Debt is a financial miracle.
If you buy a property for 20% down, with the bank financing the rest, and it goes up in value by just 10%, your profit is 50%. (I’ll wait while you do the math.)
If you have a factory and can buy a machine that increases productivity, the money you borrow to pay for that machine creates enough profit that you get to do it again. And again.
Alas, the ratchet can also go the other way.
If that property goes down in value a little bit, you lose everything.
If your competitors buy better and more expensive machinery than you have, they can sell for less than you can, and your investment disappears.
Farming is difficult. It always has been. But leverage and debt make it a persistent challenge. If the weather is better than anyone expects and the markets are just right, you do really well for a season. But if conditions change, if fertilizer is hard to get, if there’s a glut–well, the bank still does fine, but the farmer can get wiped out.
The reason that supply chain issues were so bad is that leveraged organizations needed to figure out how to extract every penny from their cash flow, and having less inventory on hand seemed like a smart way to eke out a bit more leverage. Until a shipment is late and then it all grinds to a halt.

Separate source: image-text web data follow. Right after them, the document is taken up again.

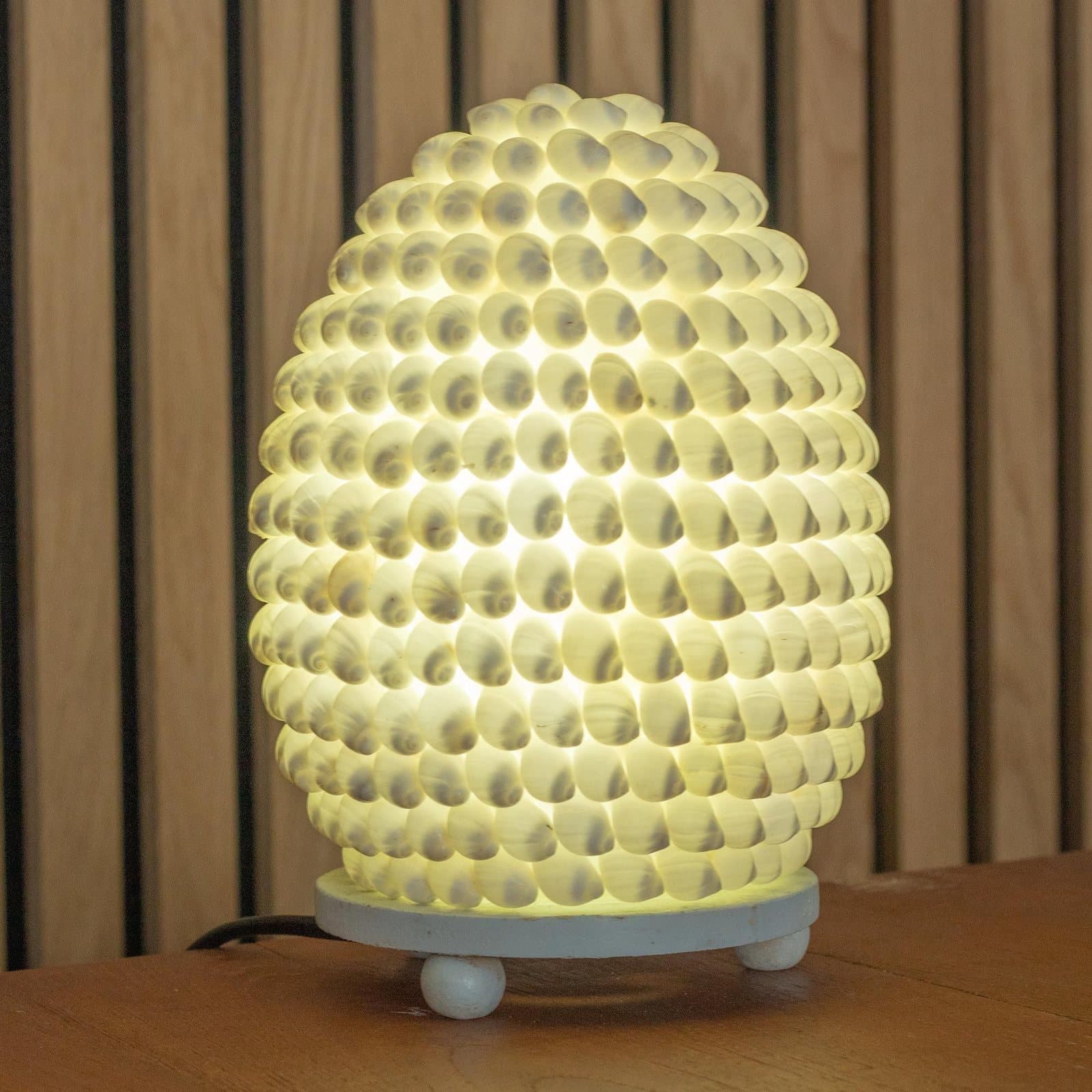 Oval boho sea shell lamp made from natural buting shells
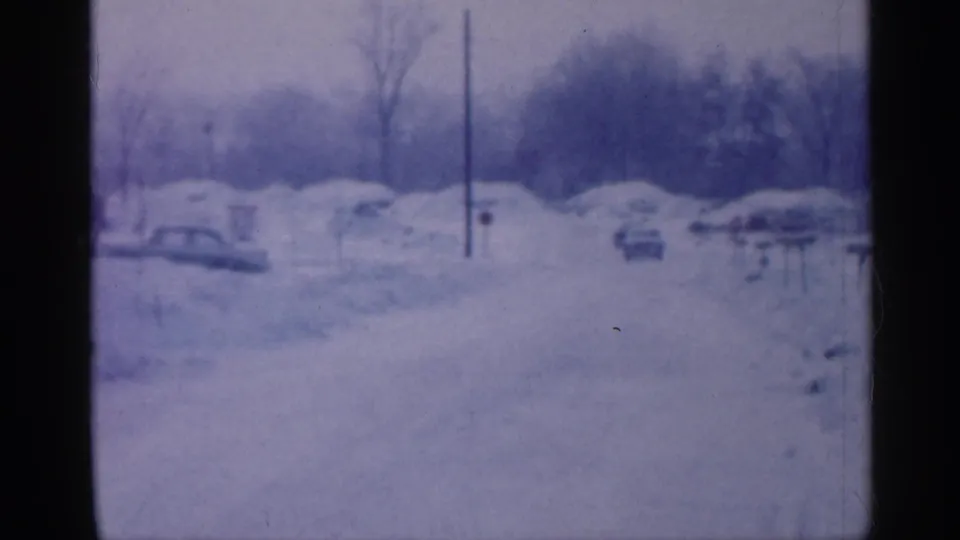 A soft 8mm view of a snowy New Jersey residential street in 1958, with cars partly surrounded by snowbanks and houses in the background.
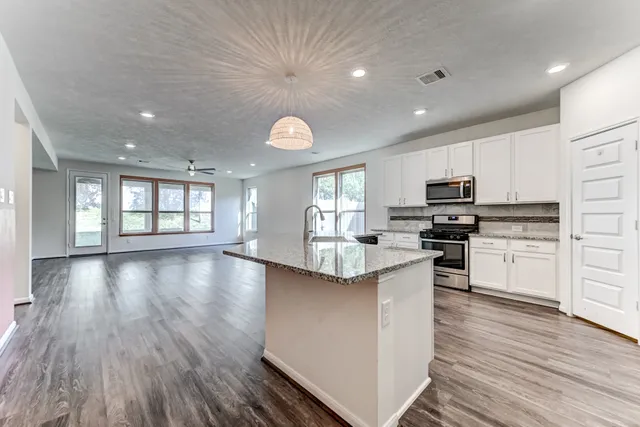 a kitchen with stainless steel appliances kitchen island granite countertop a stove top oven and cabinets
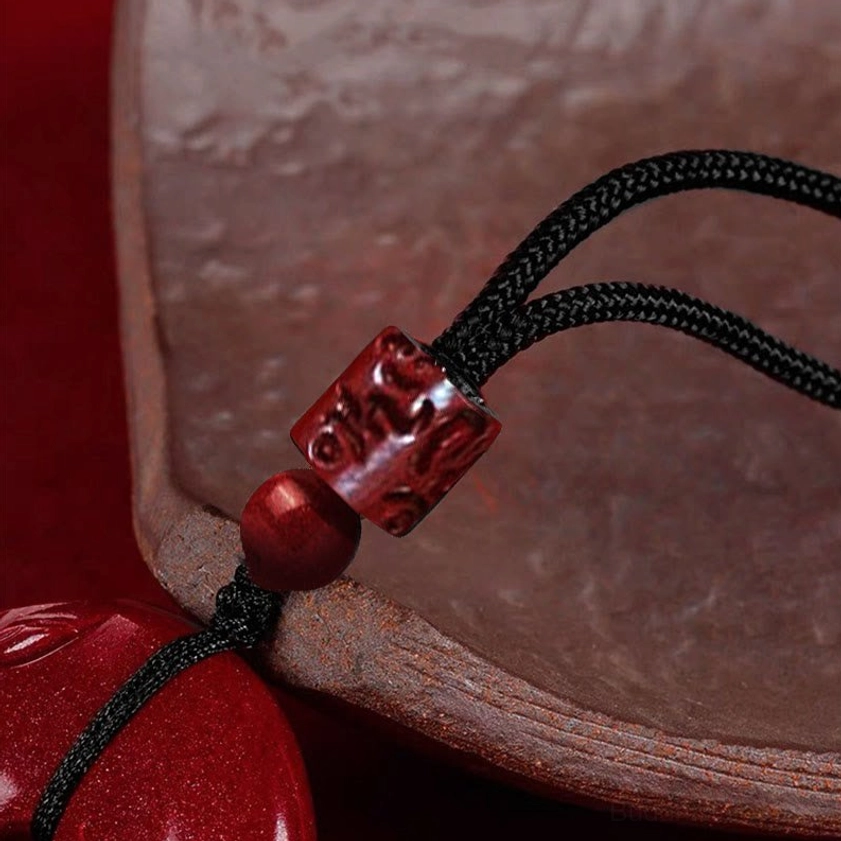 Cinnabar necklace component details showing carved cylindrical spacer bead and round cinnabar bead with black braided rope for Buddhist jewelry assembly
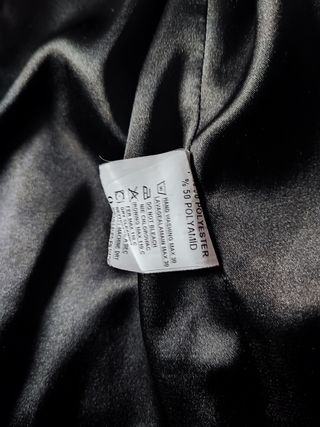 Chaqueta negra de pelo con brillo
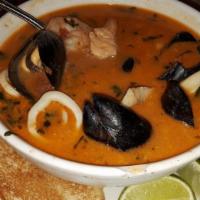 Sopa De Mariscos · Sea food soup with shrimp, mussels, clams, calamari & fish with basil.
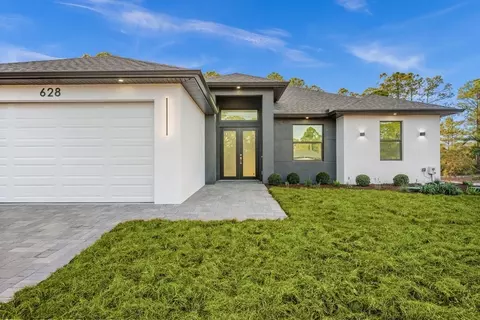 1151 Ermine St E, Lehigh Acres, FL 33974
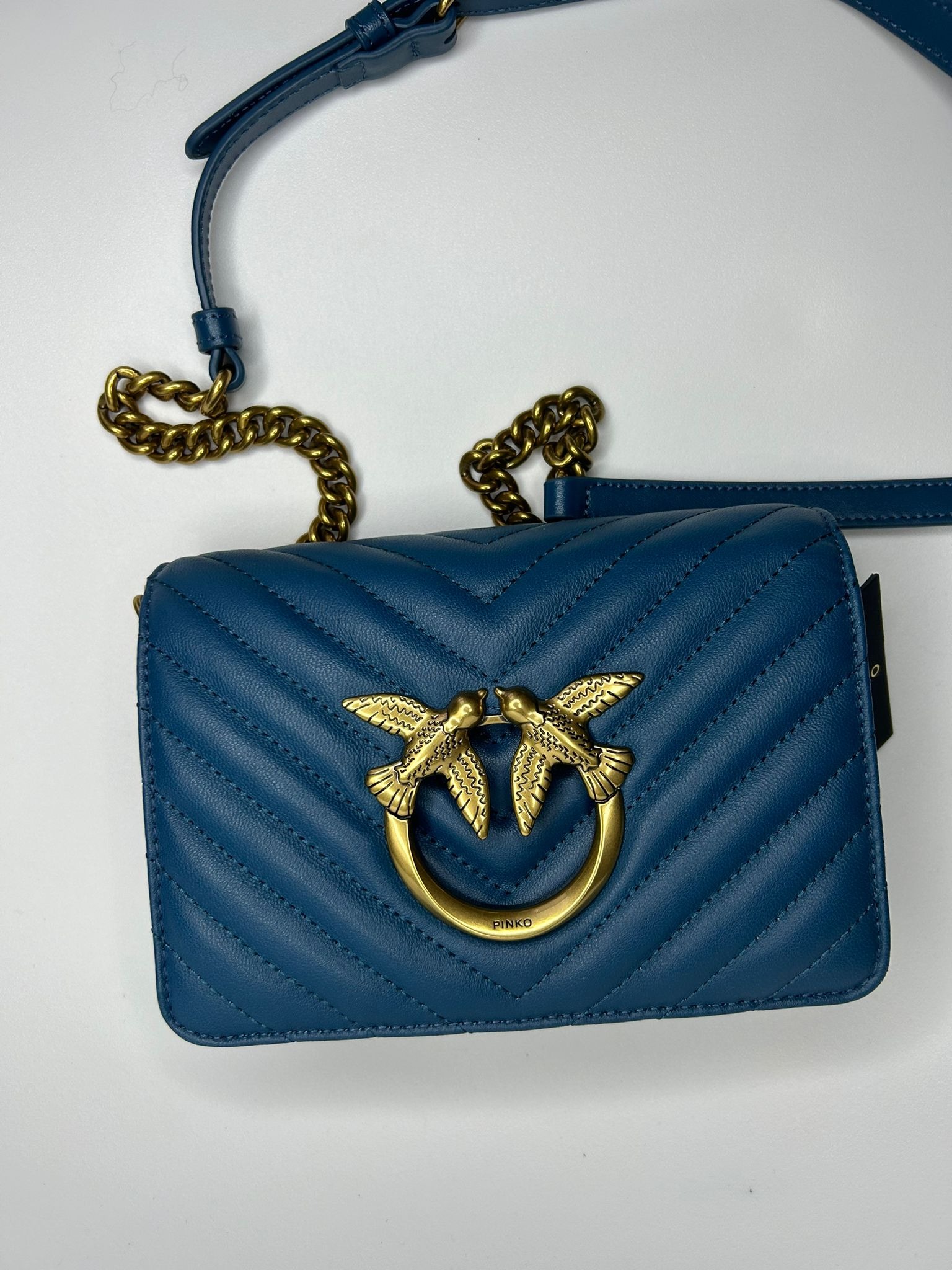 Turkusowa, pikowana torebka damska z metalowym logo dwóch ptaków i złotym łańcuszkiem na białym tle.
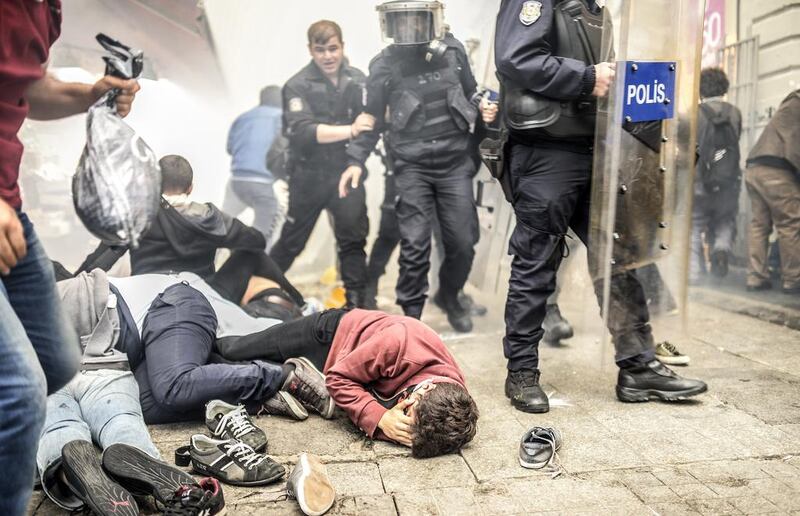 Injured protesters lie on the ground as Turkish riot police officers fire tear gas to disperse demonstrators gathered on the central Istoklal avenue near Taksim square in Istanbul. Bulent Kilic / AFP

And… when a bank or an investor is considering two power plants, and they discover that the coal plant is 1% more profitable in the short run but 100x worse for the community, they go for pennies instead of resilience. Because leverage multiplies the value of a short-term penny so much that they feel as if they have no choice but to choose the fragile, selfish, short-term path.
Leverage accelerates everything. Learning to see it is a key step in understanding how to fix it.